# How to use weed burner to start charcoal



## howufiga (Sep 17, 2008)

OK, I had a 15% off coupon for Harbor Freight and a weed burner with electric start was on sale for $26. So I got the weed burner for like $22! 
	

	
	
		
		



		
			






 This is it here.

http://www.harborfreight.com/cpi/cta...emnumber=91037

So I used it last night for the first time to start some charcoal. Some of it was leftover and some of it new. It seemed like it was blowing so hard that it wasn't really catching fire. I then found a post somewhere saying not to use full power with it because it won't start that way. Not enough oxygen or something like that. So anyways, what's the proper way to use a weed burner to start some charcoal?

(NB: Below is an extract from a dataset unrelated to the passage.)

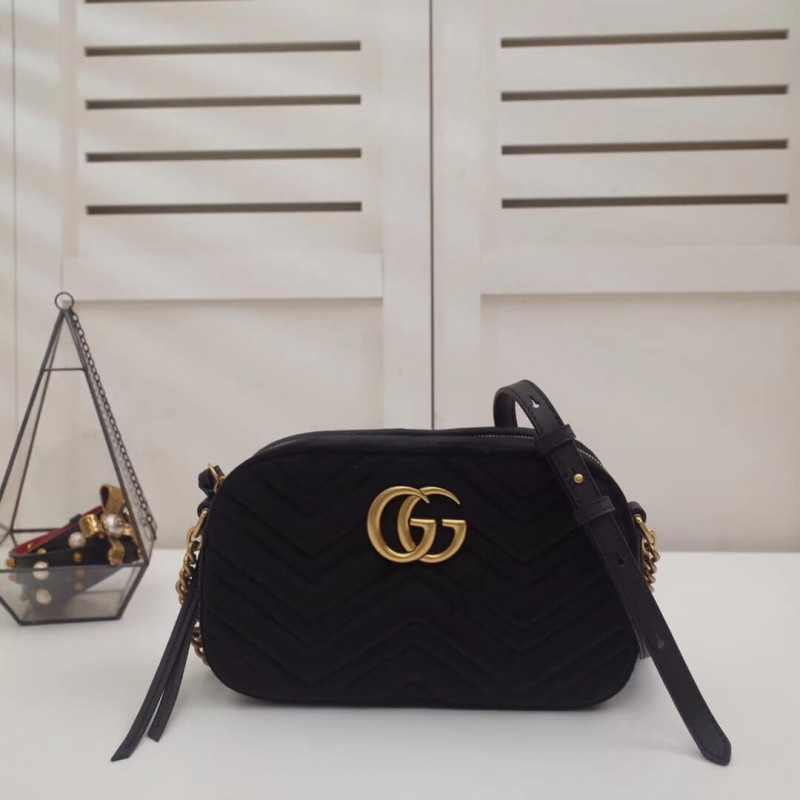 Gucci GG Marmont Velvet Bolsa de hombro pequeño 447632-1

One more thing, it basically liquified the grease and grime on the side of the grill. Kinda gave off an odd stench. I was worried my food would taste funny, but it didn't.


----------



## bishop916 (Sep 17, 2008)

I just use a chimney with some paper towels dipped in cooking oil. 
To each his own I s'pose, PYRO! 

lol j/k. 
good luck with that. 

:)


----------



## j0k3r-x (Sep 17, 2008)

I use the weed dragon and it works great! Be careful though or you will become the Human Torch! Not quite the super hero you wanna emulate!
Have no fear, Super Q is here! Anyway check out the link below...

Charcoal Grilling-from start to cook in 60 seconds!


----------



## supervman (Sep 17, 2008)

Zactly what I was thinkin. 
A million years ago in Boy Scouts I was the Fire Guy!
I got to hike through the woods in search of wood and tend to the fires and get to help with the cookin. 

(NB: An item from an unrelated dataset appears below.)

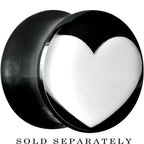 1/2 Black Acrylic White Heart Saddle Plug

I LOVE my chimney for my Weber Kettle. Works great! 

We're all pyros at heart :)


----------



## 1894 (Sep 17, 2008)

That weed burner is very similar to the roofing torches I've burned a lot of propane through. Looks like at the front of the handle is a knob that will adjust the " idle " for lack of a better term. Try just turning the idle up and not squeezing the trigger .


----------



## howufiga (Sep 17, 2008)

Well, I was a little nervous/scared when I first tried it.  I have 3 chimneys that i use, but sometimes I don't want to wait for them to start.  It seems like it takes forever.  I know it's not forever, but still sometimes when your hungry you want it to be ready like now!  that's why I bought the flame thrower!!  lol...


----------



## packplantpath (Sep 17, 2008)

I stick my chimney over the gas grill side burner to light it.  Works perfect, and coals are ready within 10 minutes or so.  Never used the weed burner, but it can't me much different.


----------



## howufiga (Sep 17, 2008)

I never thought of that!  That's a great idea!  I never even use my side burner.  I thought that charcoal ash would eventually clog up a gas burner if you burnt charcoal over it?  How long have you been doing that?


----------



## delta dick (Sep 17, 2008)

I also lite my lump over my grills side burner, works great. After I'm done I
just brush the ash off, no problems at all.


----------



## packplantpath (Sep 17, 2008)

I've been doing it for a while now.  Maybe a year???  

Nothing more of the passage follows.